---- Provided entries
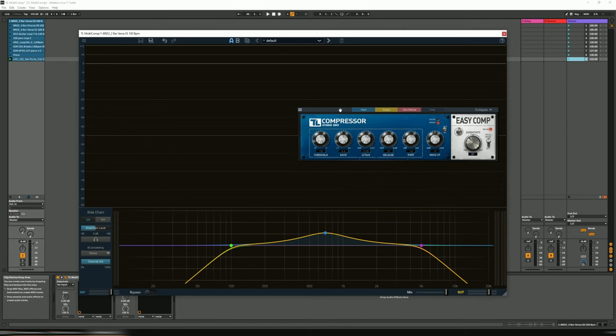It's currently on offer from Audio Plugger Deals for, frankly, a no-brainer price, so go check it out. And if you're after a simple to use, very transparent compressor, then check this one out for sure.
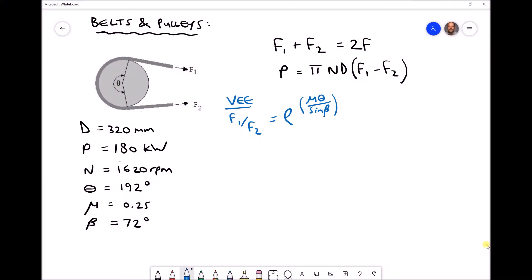In the previous video we introduced belts and pulleys and looked at how to determine the maximum power that can be transmitted with a belt and pulley assembly. In this video we're going to use the same V-belt configuration, except instead of determining the power from known initial tension requirements, we're going to reverse that and calculate the initial tension requirements to achieve a desired power output of 180 kilowatts.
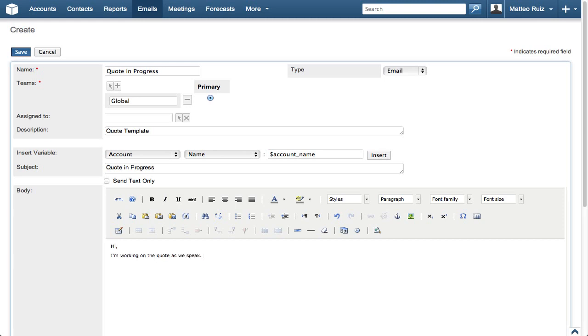We could also add a signature line as well, but in this case we want to use a custom signature that is available directly in the email client.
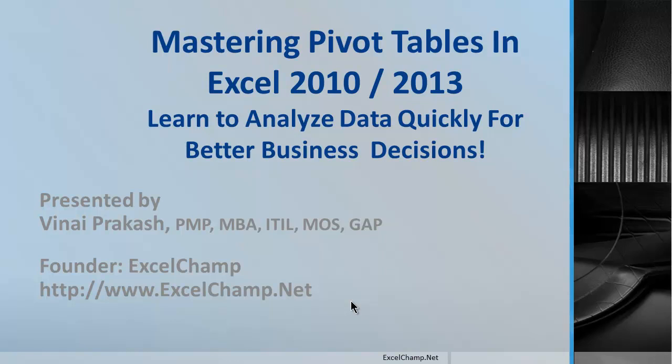Hello and welcome to Excel Champs: Mastering Pivot Tables in Excel to analyze data quickly for better business decisions. I am your coach, Vinay Prakash.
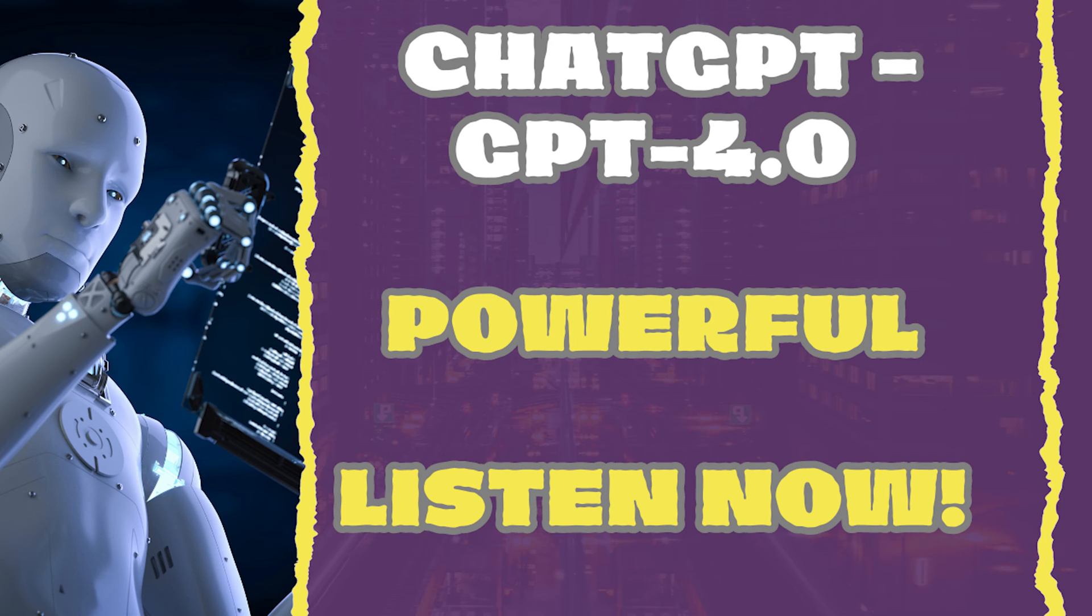I just wanted to showcase the new updated ChatGPT 4.0. It is just mind-blowing. Just listen and hear the conversation that I'm having with this thing, whatever you want to call it. Just listen.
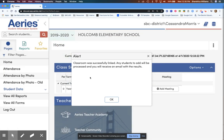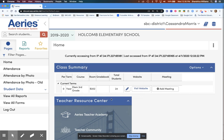Lastly, you will get a confirmation page that your classroom was successfully linked. Any students to add will be processed and you will receive an email with the results, which will show a list of the results.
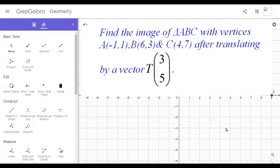Good morning everyone, this is Indra, welcome back to my channel. Today in this video I am going to discuss about translation. Translation, or we can say sliding translation, is an isometric transformation because the object and the image will be congruent. In translation, the image and object will have the same shape and size, so translation or sliding is an isometric transformation.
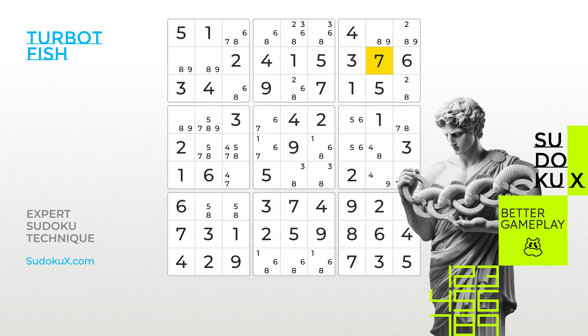Be sure to check out our other videos for additional elimination techniques on your path to becoming a Sudoku Master. Practice your skills with Sudoku X and master the game at expert difficulty levels.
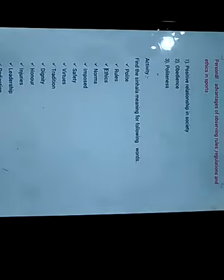Find the single meaning of the words. Thank you.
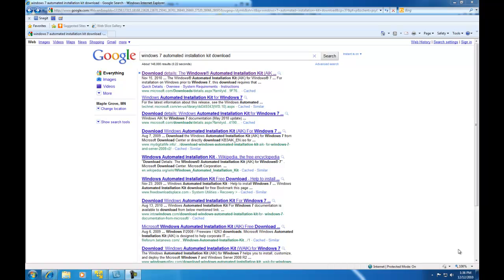Hello, in this presentation I am going to show you how to download and install the Windows 7 Automated Installation Kit.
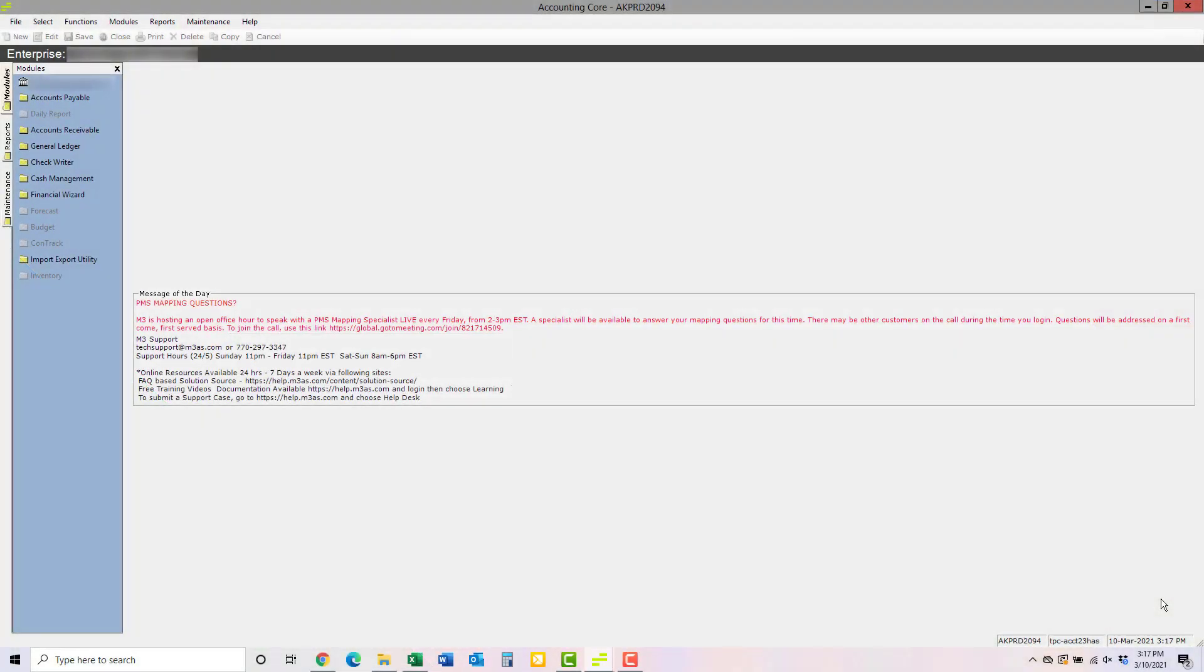Hi. In this Hotel Solutions video, I'm going to show you how to run the Profit and Loss Statement in the Financial Wizard module.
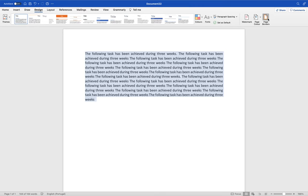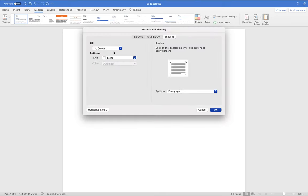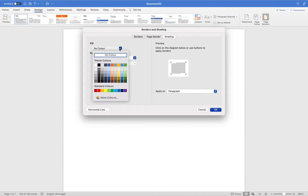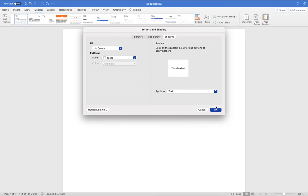And in Design, you have to go to the Page Border option, and there you have to go to Shading, just to ensure that there is no color selected. Then in Paragraph, you have to select the text.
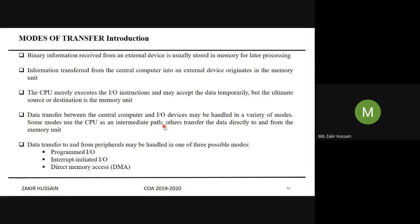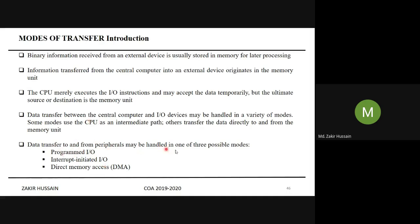Data transfer between the central computer and I/O devices may be handled in a variety of modes. Some modes use the CPU as an intermediate part. The variety of modes includes: programmed I/O, interrupt-initiated I/O, direct memory access, and I/O processor. Some modes go through the CPU all the time; others transfer data directly to and from memory without the role of the CPU.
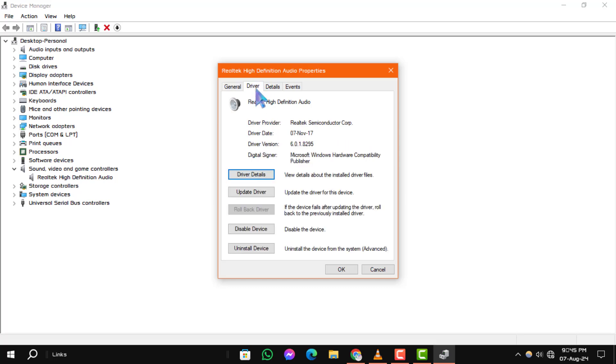Here you can see detailed information about your audio driver, including the driver provider, date, and version.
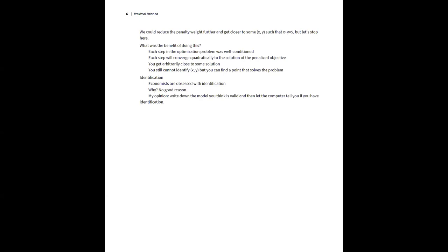As long as the objective function has derivatives and is basically smooth, the proximal point method will be numerically stable and allow you to use the best optimizers. If you give an optimizer a well-conditioned convex minimization problem at each stage, things will go rapidly. My advice to economists: stay with the model you're really interested in, use these methods to get numerically stable estimates, and if there appear to be multiple solutions, go hunting for them.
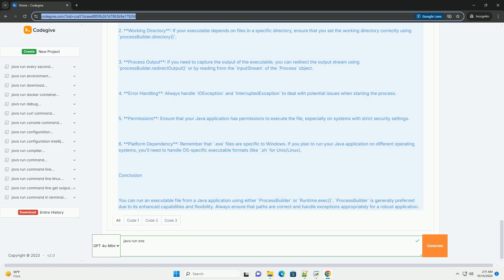Permissions: ensure that your Java application has permissions to execute the file, especially on systems with strict security settings.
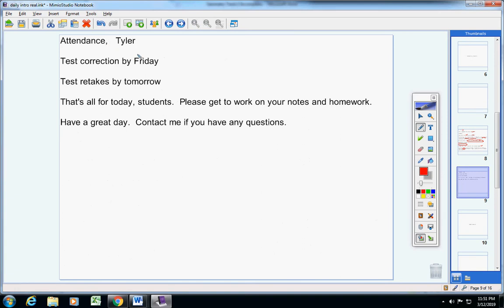Tyler, I did not hear from you yesterday, so I do have you noted as absent from yesterday. If that's wrong, please let me know. Be sure to email your attendance today.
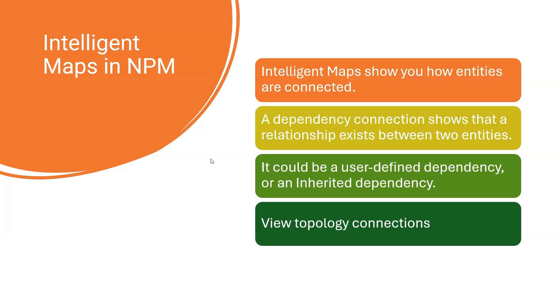Hi all, in this video we will discuss intelligent maps in NPM. What are intelligent maps?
--------
▶ What you have to do
Everything in the material must be duplicated exactly, except the pictures.

▶ Problem solution
It's currently on offer from Audio Plugger Deals for, frankly, a no-brainer price, so go check it out. And if you're after a simple to use, very transparent compressor, then check this one out for sure.
In the previous video we introduced belts and pulleys and looked at how to determine the maximum power that can be transmitted with a belt and pulley assembly. In this video we're going to use the same V-belt configuration, except instead of determining the power from known initial tension requirements, we're going to reverse that and calculate the initial tension requirements to achieve a desired power output of 180 kilowatts.
We could also add a signature line as well, but in this case we want to use a custom signature that is available directly in the email client.
Hello and welcome to Excel Champs: Mastering Pivot Tables in Excel to analyze data quickly for better business decisions. I am your coach, Vinay Prakash.
I just wanted to showcase the new updated ChatGPT 4.0. It is just mind-blowing. Just listen and hear the conversation that I'm having with this thing, whatever you want to call it. Just listen.
Lastly, you will get a confirmation page that your classroom was successfully linked. Any students to add will be processed and you will receive an email with the results, which will show a list of the results.
Good morning everyone, this is Indra, welcome back to my channel. Today in this video I am going to discuss about translation. Translation, or we can say sliding translation, is an isometric transformation because the object and the image will be congruent. In translation, the image and object will have the same shape and size, so translation or sliding is an isometric transformation.
Be sure to check out our other videos for additional elimination techniques on your path to becoming a Sudoku Master. Practice your skills with Sudoku X and master the game at expert difficulty levels.
Find the single meaning of the words. Thank you.
Hello, in this presentation I am going to show you how to download and install the Windows 7 Automated Installation Kit.
Hi. In this Hotel Solutions video, I'm going to show you how to run the Profit and Loss Statement in the Financial Wizard module.
And in Design, you have to go to the Page Border option, and there you have to go to Shading, just to ensure that there is no color selected. Then in Paragraph, you have to select the text.
Data transfer between the central computer and I/O devices may be handled in a variety of modes. Some modes use the CPU as an intermediate part. The variety of modes includes: programmed I/O, interrupt-initiated I/O, direct memory access, and I/O processor. Some modes go through the CPU all the time; others transfer data directly to and from memory without the role of the CPU.
Here you can see detailed information about your audio driver, including the driver provider, date, and version.
As long as the objective function has derivatives and is basically smooth, the proximal point method will be numerically stable and allow you to use the best optimizers. If you give an optimizer a well-conditioned convex minimization problem at each stage, things will go rapidly. My advice to economists: stay with the model you're really interested in, use these methods to get numerically stable estimates, and if there appear to be multiple solutions, go hunting for them.
Permissions: ensure that your Java application has permissions to execute the file, especially on systems with strict security settings.
Tyler, I did not hear from you yesterday, so I do have you noted as absent from yesterday. If that's wrong, please let me know. Be sure to email your attendance today.
Hi all, in this video we will discuss intelligent maps in NPM. What are intelligent maps?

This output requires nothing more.